Short web captions:
---*---

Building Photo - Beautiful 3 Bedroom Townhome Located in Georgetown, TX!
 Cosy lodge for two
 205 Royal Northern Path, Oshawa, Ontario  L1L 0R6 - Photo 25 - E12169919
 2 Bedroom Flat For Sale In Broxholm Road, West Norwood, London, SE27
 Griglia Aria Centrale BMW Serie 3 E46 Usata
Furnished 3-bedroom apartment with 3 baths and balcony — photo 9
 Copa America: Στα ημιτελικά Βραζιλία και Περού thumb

---*---

■ WHAT YOU NEED TO DO:
Up to and including the line that contains "2 Bedroom Flat", restate word for word every line of the entries, starting from the first.

■ TASK OUTPUT:
Building Photo - Beautiful 3 Bedroom Townhome Located in Georgetown, TX!
 Cosy lodge for two
 205 Royal Northern Path, Oshawa, Ontario  L1L 0R6 - Photo 25 - E12169919
 2 Bedroom Flat For Sale In Broxholm Road, West Norwood, London, SE27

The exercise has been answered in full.